Sul caso interviene anche il ministro dello Sviluppo Economico, Corrado Passera, che dice: “Governo e istituzioni locali faranno tutto il possibile per individuare soluzioni che tutelino occupazione e sostenibilità produttiva” dell’Ilva di Taranto.

Da parte sua Nichi Vendola ha annunciato che la Puglia si costituirà parte civile se si dovesse arrivare al processo nell’inchiesta della magistratura sull’Ilva. ”Se la Magistratura – dice – avesse indicato delle prescrizioni, l’Ilva avrebbe il dovere di adempierle”.

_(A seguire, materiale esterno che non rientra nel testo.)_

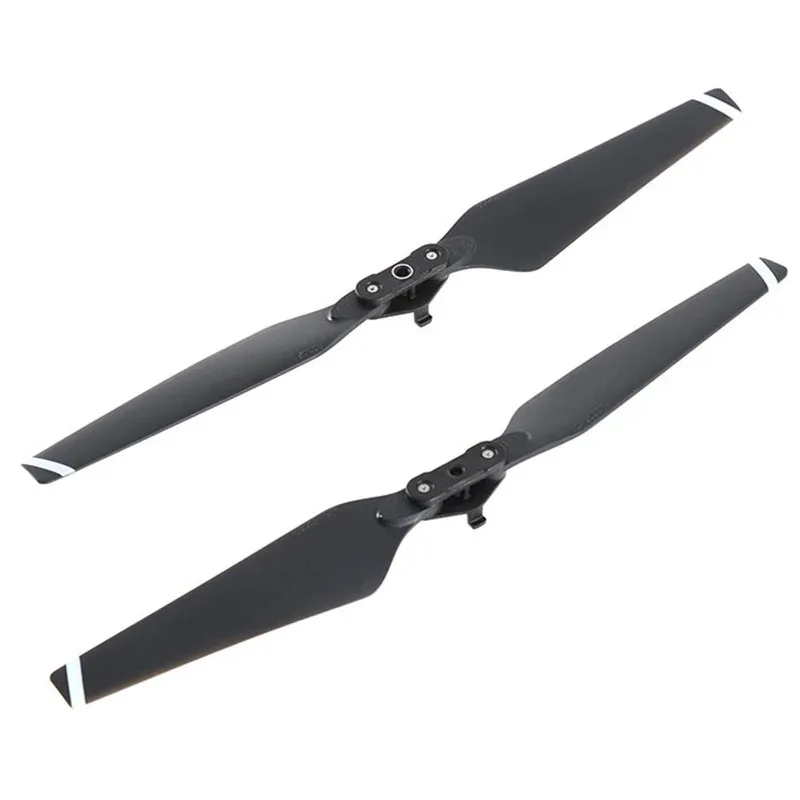 Hélice Original 8330 para DJI Mavic Pro, repuestos de drones, hoja plegable de liberación rápida para accesorios DJI Mavic Pro Platinum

Facciamo un passo indietro: la procura di Taranto indaga da mesi sull’Ilva per disastro ambientale sostenendo che lo stabilimento emette sostanze così tossiche da aumentare vistosamente i livelli di tumori in chi ci lavora e in chi ci vive vicino. Una ricerca di Oxford ha anche dimostrato che nelle urine degli abitanti di Taranto c’è troppo piombo, che causa cancro. Nonostante gli allarmi e le voci di un’imminente chiusura della fabbrica, gli operai dell’Ilva, di fronte alla prospettiva di perdere il posto di lavoro, si sono battuti per restare. Il 30 marzo scorso, in occasione della chiusura dell’incidente probatorio legato all’inchiesta a carico dei vertici dell’Ilva per disastro ambientale, 8.000 operai e impiegati del Siderurgico manifestarono per le strade della città con un sit-in conclusivo sotto la sede del Comune. Gli operai sperano nella bonifica della fabbrica.

Bonifica che è favorita da una legge che la Regione Puglia ha voluto approvare in fretta e furia proprio per evitare un dramma occupazionale a Taranto. La legge sulle emissioni inquinanti prevede che le aziende si adeguino ai livelli fissati dalla Regione. Se non lo fanno, saranno multate o sarà loro sospeso l’esercizio.

Ma il Gip di Taranto non ha potuto aspettare che l’Ilva si metta in regola e ha deciso, intanto, di sequestrare la fabbrica, di chiuderla. Sacrificando così i posti di migliaia di operai ma tentando di contenere il disastro ambientale in atto.